Accelerating Randomized Algorithms for Low-Rank Matrix Approximation
Abstract
Randomized algorithms are overwhelming methods for low-rank approximation that can alleviate the computational expenditure with great reliability compared to deterministic algorithms. A crucial thought is generating a standard Gaussian matrix G and subsequently obtaining the orthonormal basis of the range of AG for a given matrix A. Recently, the farPCA algorithm offers a framework for randomized algorithms, but the dense Gaussian matrix remains computationally expensive. Motivated by this, we introduce the standardized Bernoulli, sparse sign, and sparse Gaussian matrices to replace the standard Gaussian matrix in farPCA for accelerating computation.
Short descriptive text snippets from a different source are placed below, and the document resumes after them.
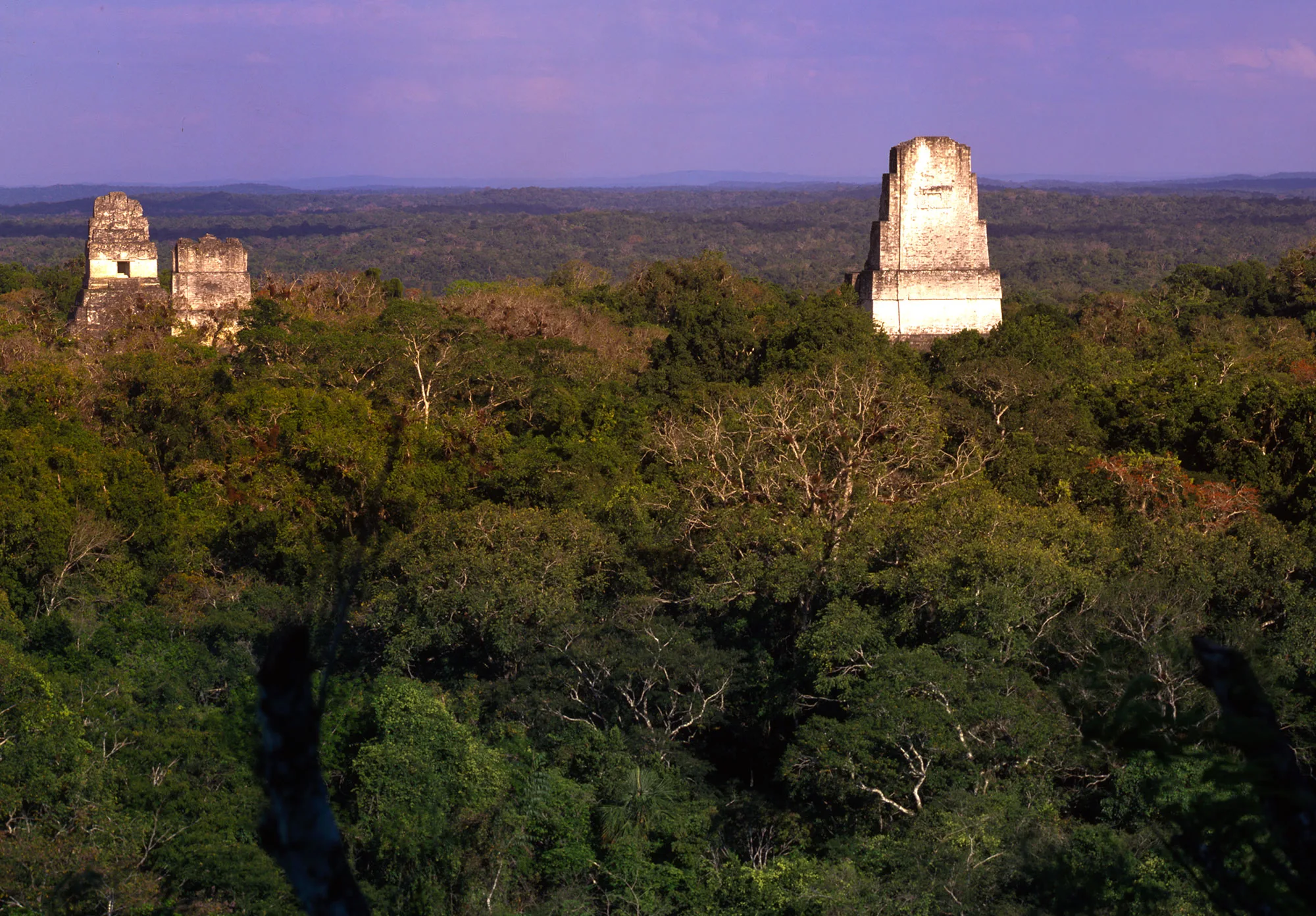 The stone temples of Tikal rising above the rainforest canopy at golden light, Peten, Guatemala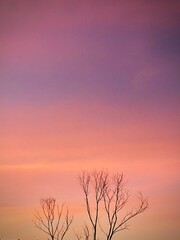 Sunset in the forest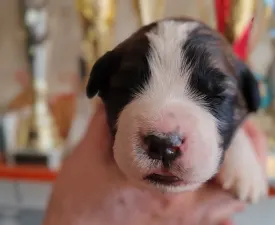 Egresvölgyi Morgan  - Moskiewski pies stróżujący Szczenię na sprzedaż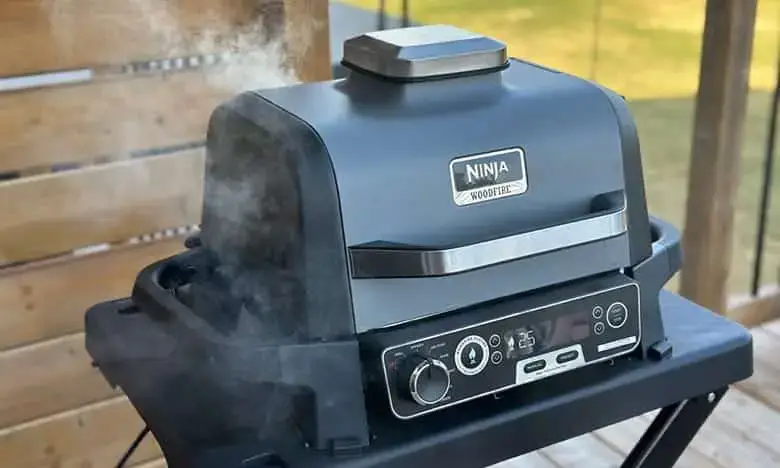 Ninja Woodfire Grill Smoking On Stand Ninja Woodfire Grill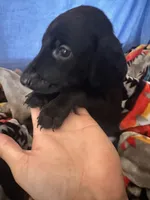 processed/822a2c68-88f1-4b6e-bf09-b3964cb6ec6a/listing/d903501e-4dd1-4789-8c80-6a74c5cafbe0/2f8c7d47-d4eb-4e70-a406-c7a9bb3aa16f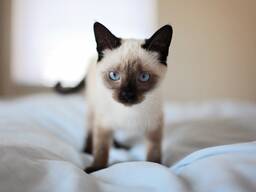 Сиамские котята ищут дом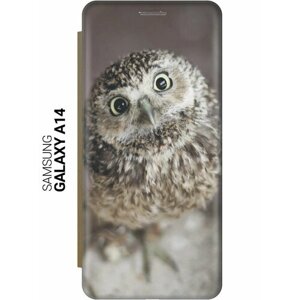 Чехол-книжка на Samsung Galaxy A14, Самсунг А14 c принтом "Удивленная сова" золотистый
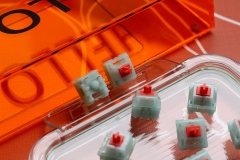 HMX Coral Sea switch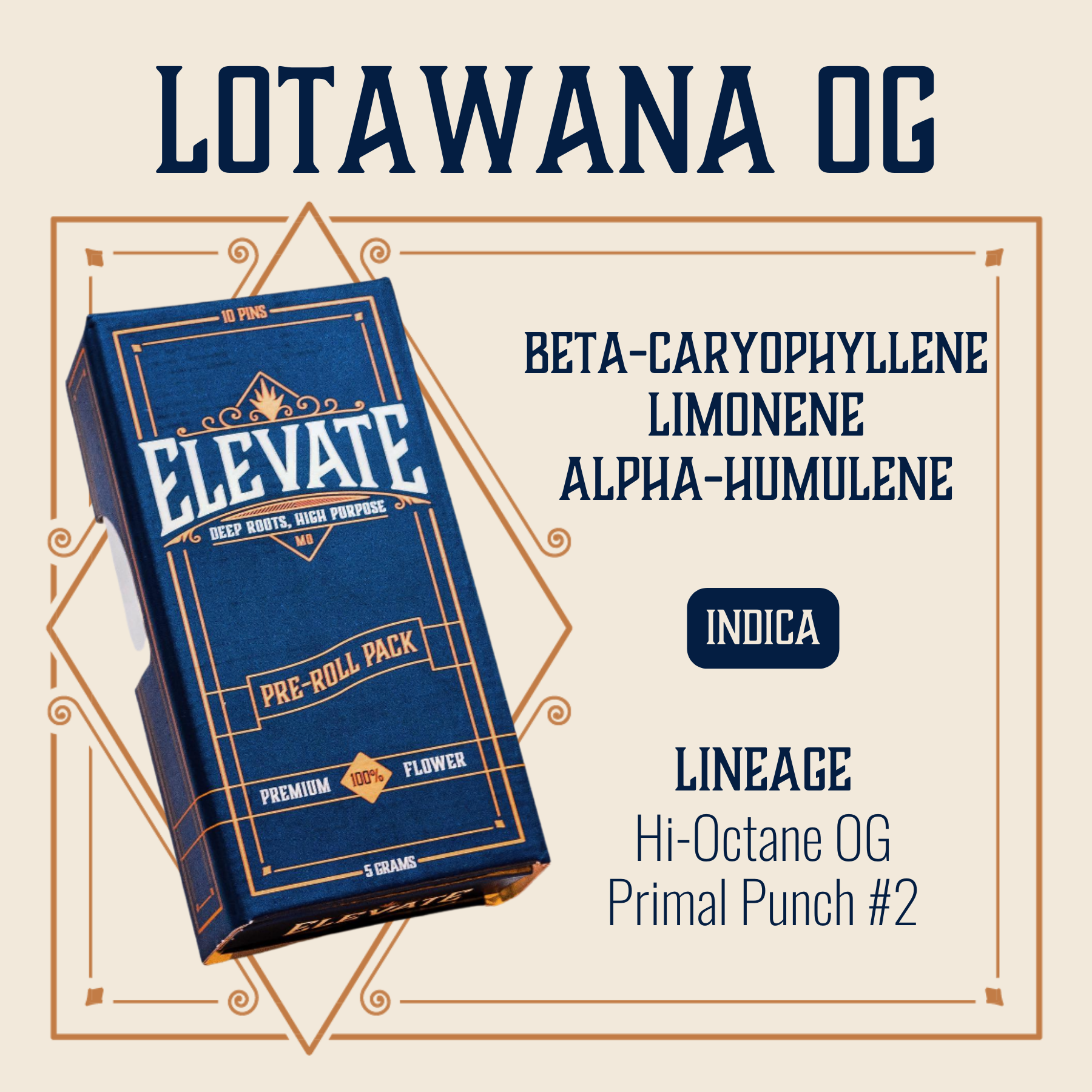 Photograph of Product: Elevate: Pre-Roll Pack | Lotawana OG | Elevate Pins | 0.5g | 10pk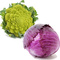 Autres choux (chou rouge, chou romanesco, chou chinois)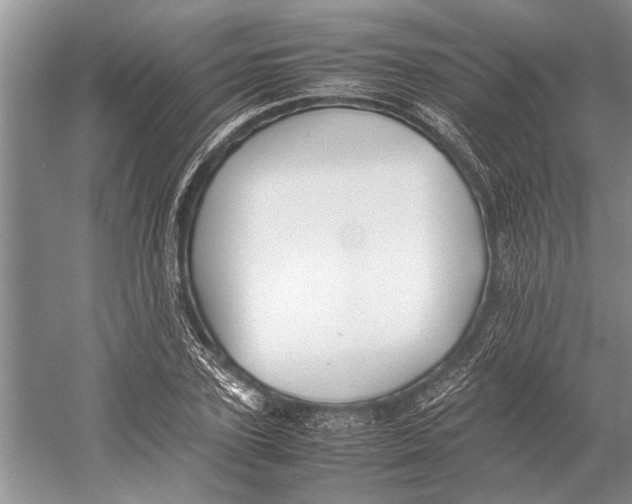 X0000052970931200508051011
These three matrices possess a low computational expenditure in matrix-matrix multiplication and converge in distribution to a standard Gaussian matrix when multiplied by an orthogonal matrix under a mild condition. Therefore, the three corresponding proposed algorithms can serve as a superior alternative to fast adaptive randomized PCA (farPCA). Finally, we leverage random matrix theory (RMT) to derive a tighter error bound for farPCA without shifted techniques. Additionally, we extend this improved error bound to the error analysis of our three fast algorithms, ensuring that the proposed methods deliver more accurate approximations for large-scale matrices. Numerical experiments validate that the three algorithms achieve asymptotically the same performance as farPCA but with lower costs, offering a more efficient approach to low-rank matrix approximation.